Work item
So that the copy stays text only, transcribe the data below exactly and exclude the images.

Information supplied

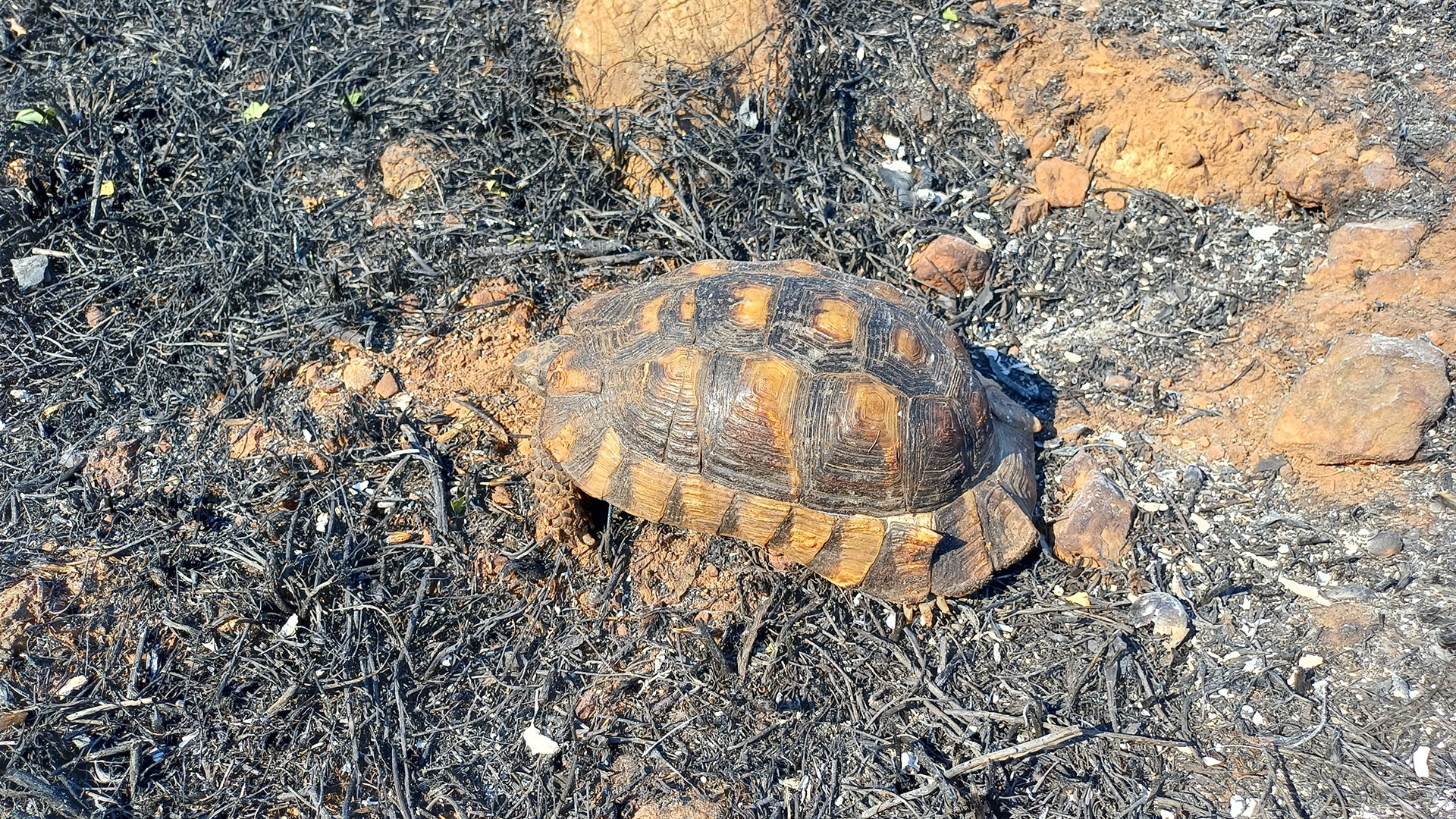 «Αφού δεν καήκαμε όλοι…» – Συγκλονιστικές μαρτυρίες στην «Κ»-5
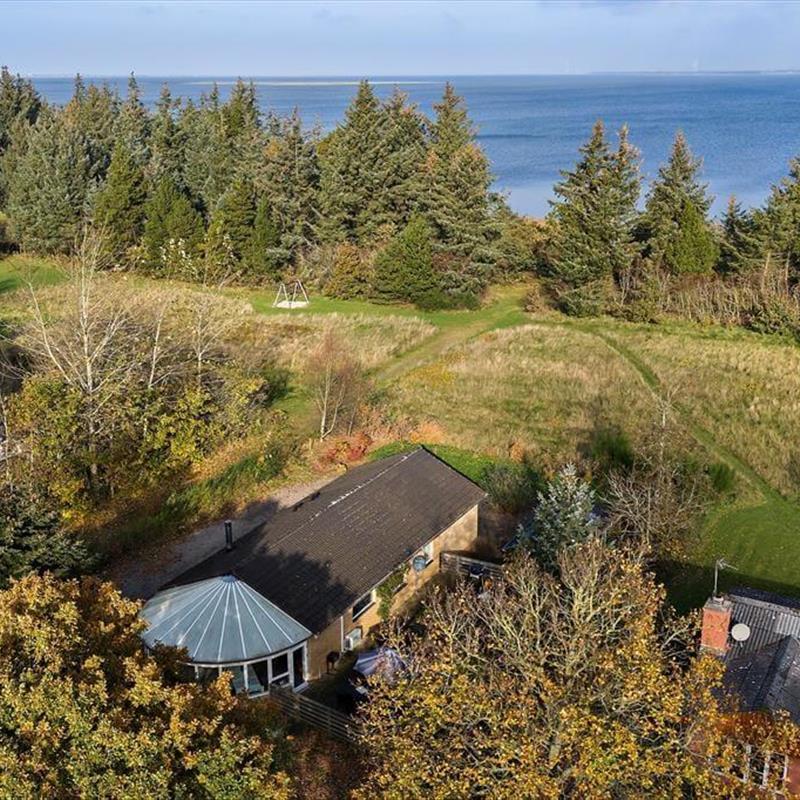 Ferienhaus - 6 Personen -  - Røllikevej - Nörhede - 6990 - Ulfborg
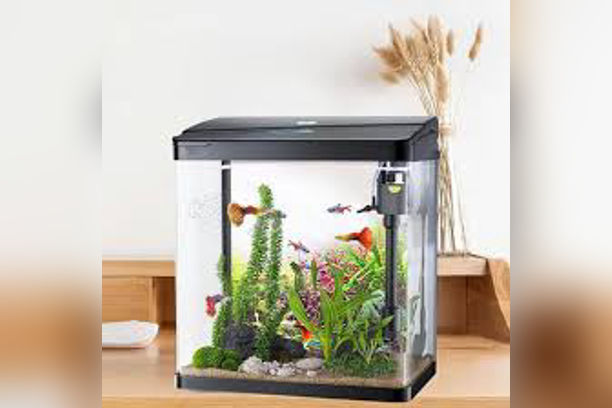 Aquarium Setup (Beginner)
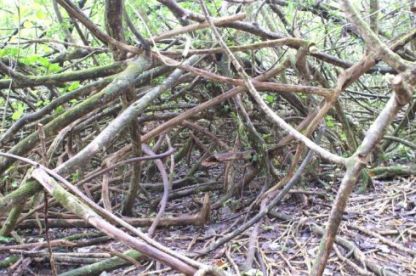 Root tangle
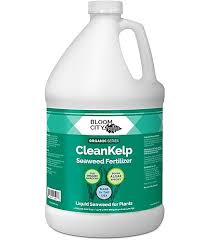 *Organic Liquid Seaweed And Kelp Fertilizer Supplement By Bloom City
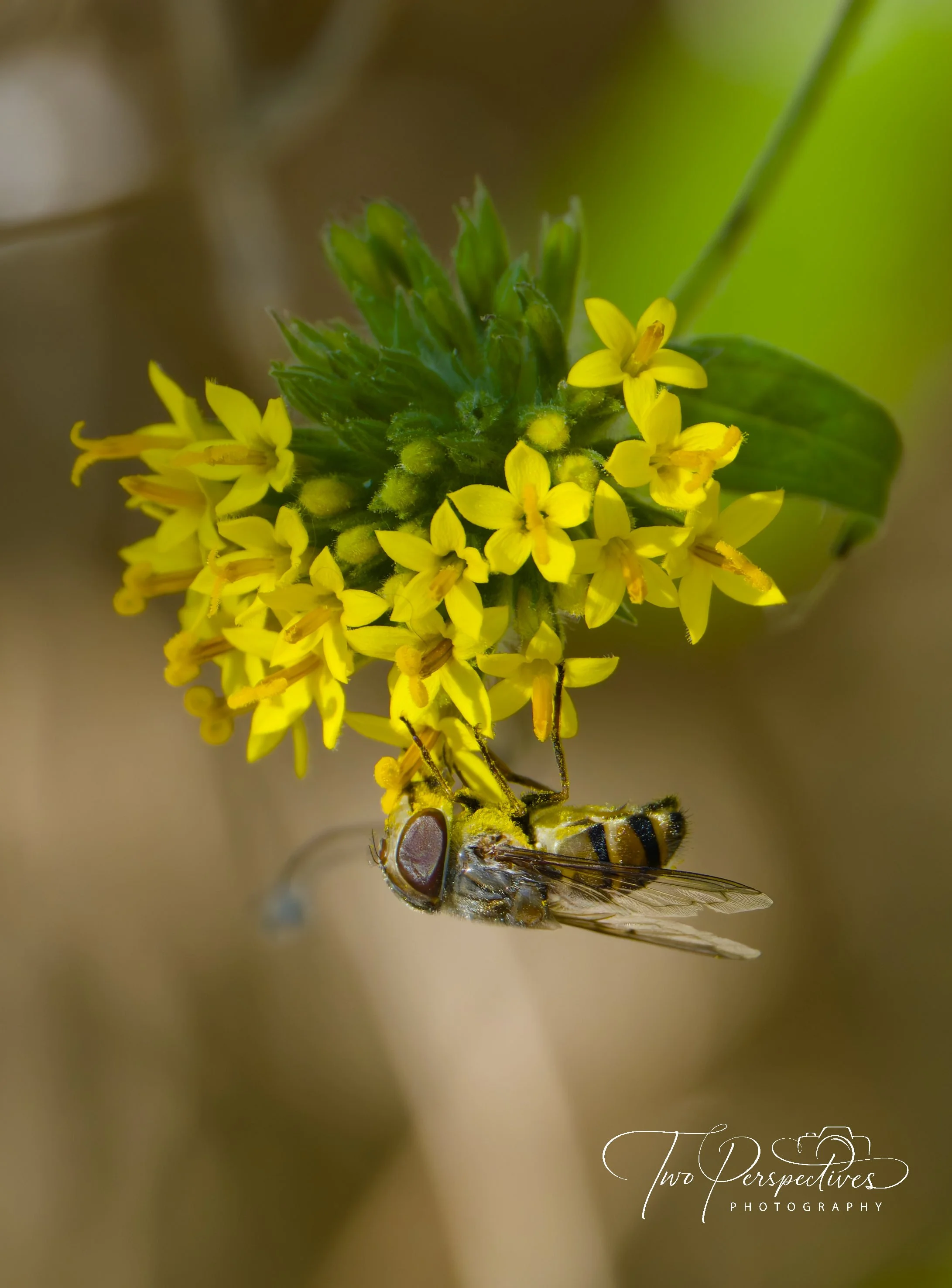 Hoverfly.jpg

Answer box
 «Αφού δεν καήκαμε όλοι…» – Συγκλονιστικές μαρτυρίες στην «Κ»-5
 Ferienhaus - 6 Personen -  - Røllikevej - Nörhede - 6990 - Ulfborg
 Aquarium Setup (Beginner)
 Root tangle
 *Organic Liquid Seaweed And Kelp Fertilizer Supplement By Bloom City
 Hoverfly.jpg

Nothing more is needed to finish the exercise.